C’est le plus célèbre confiné de la littérature ! Si Oblomov ne sort pas de son appartement, ce n’est pas pour respecter les mesures barrières mais parce qu’il le décide ! Pourquoi sortir, s’agiter comme son ami Stolz, gagner sa vie alors qu’il faut déjà la vivre ?
Quand Ivan Gontcharov écrit son roman Oblomov au milieu du XIXe siècle, il se met au diapason d’un courant qui, face au productivisme, invite à la rêverie ou à l’inaction. Pour Robin Renucci, qui a entamé un cycle sur la reconquête du temps, ce texte résonne particulière- ment : « Comment rester actif quand c’est précisément nos boulimies d’acti- vités qui, à la fois, ternissent le monde, et permettent de le transformer ? »

❝Est-ce cela la vie ?
Toujours des émotions, toujours des alertes !
À quand donc le bonheur paisible, le repos ?❞

Avec Gérard Chabanier Zakhar, Pauline Cheviller Olga, Valéry Forestier Stolz, Guillaume Pottier Ilia Ilitch Oblomov, Amandine Robilliard violoncelle, Lisa Toromanian Agafia, La Niania

Scénographie Samuel Poncet
Lumière Julie-Lola Lanteri
Costumes Jean-Bernard Scotto
Assistante à la mise en scène Luna Muratti

Production Tréteaux de France – Centre dramatique national – Direction Robin Renucci

Coproduction Châteauvallon-Le Liberté – Scène nationale, Espace Jean Legendre – Théâtre de Compiègne, Théâtre Dijon Bourgogne – Centre dramatique national.

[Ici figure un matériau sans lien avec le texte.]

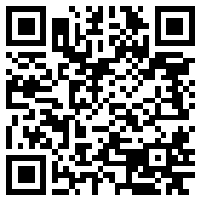 QR Code for bitcoin:bitcoin:1ffh8ADh9KjeescqawQUDWmKgWejEViUN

Nous voici dans le rêve d’Ilya Ilitch Oblomov : un univers onirique, comme un bouquet de mimosas, où tout est douceur et volupté, nostalgie de l’enfance et de son monde révolu d’où Oblomov ne peut/veut se sortir. Un théâtre au plus près des sentiments où quatre figures s’y défient : Oblomov qui se soucie de lui-même, de son bonheur, face à Stolz, l’ami d’enfance, résolument tourné vers le monde, la société et le progrès, Olga, la soprano et sa voix d’une beauté absolue, la passion et l’amour qui promet des ailleurs et du désenchantement face à Agafia, la terrienne, rassurante et maternelle, le violoncelle.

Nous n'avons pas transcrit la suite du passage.